The monitoring packages I'm familiar with require manual per-instance configuration, and expect systems to be up all the time. I'd like the machine to be able to add itself to the monitoring set, and if it is automatically terminated, I don't want that to be seen as a problem. I'd also like some rollup stats, like total tasks completed per hour across all machines.
What monitoring packages should I look at for this brave new world where a server might only exist for a few hours?
Take a look at Ganglia (http://ganglia.sourceforge.net/). The configuration file would be the same for all of your instances ("send metrics via UDP to host a.b.c.d"). You get a variety of basic system metrics out of the box, and it's very easy to collect new metrics (there's a "gmetric" command line tool for doing this, and you can also interface with the metric collection daemon via Python modules). You don't need to do any configuration on the server side to accept new metrics; It Just Works.
Note that Ganglia is a metric collection tool; it doesn't do any sort of alerting (but it's very easy to integrate with, say, Nagios if you want that kind of thing).
If Ganglia thinks your host is down it may stop displaying metrics (for that host), but they'll all come back when the server is back online. You can fake it out (i.e., make it thing a host is up when it's down) using the spoofing capabilities of the gmetric tool.

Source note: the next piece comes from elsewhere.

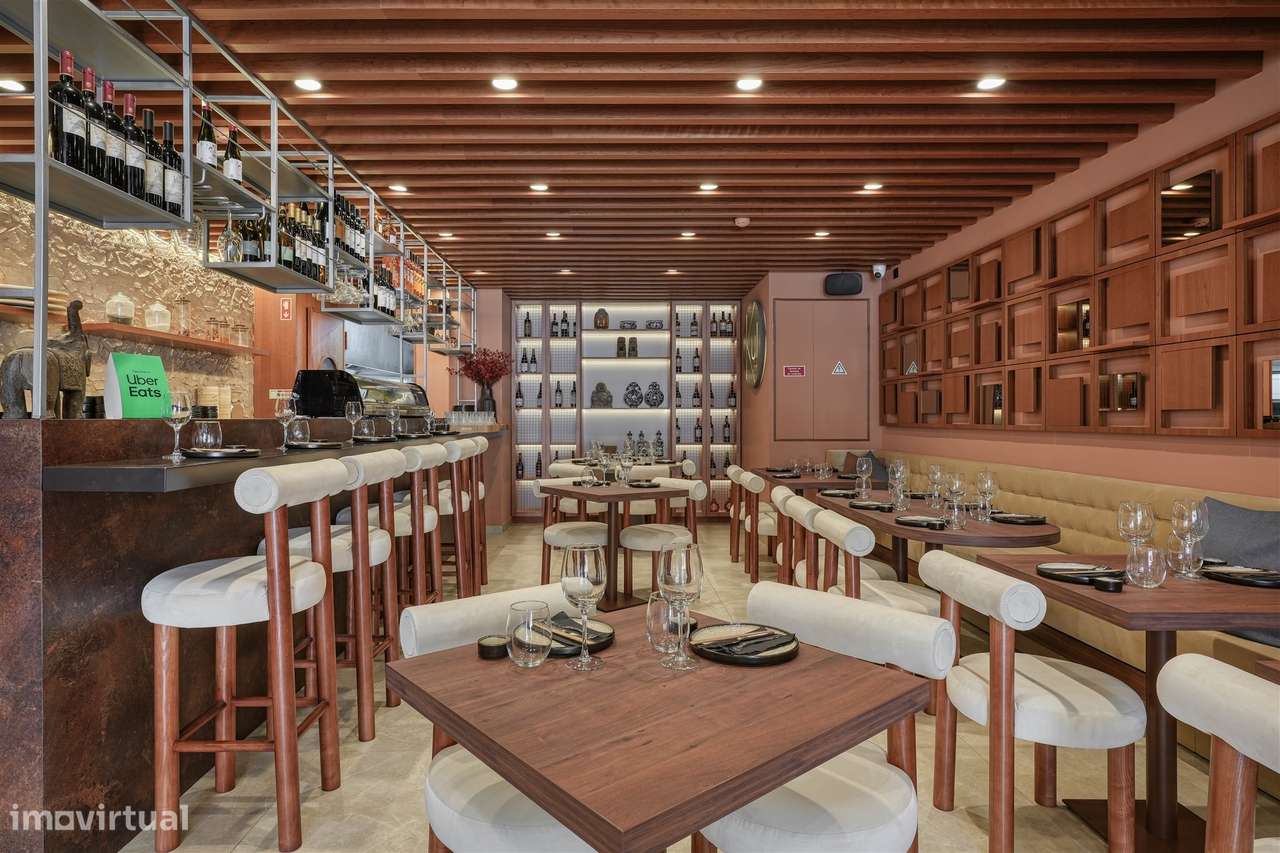 Trespasse de Restaurante em Cascais. - Grande imagem: 2/28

Ganglia uses rrdtool on the backend.
Don't know about total tasks completed per hour. You probably will want to create a plugin that does that. I'd suggest looking at Nagios Exchange. You'll see a lot of samples, one of which will be a good starting point. The problem is your up/down requirement will be a pain with Nagios and similar approaches. You need the customization available from Nagios plugins but in a cloud monitor model. Not sure if Cacti or Ganglia fits. Pretty sure appfirst can do this.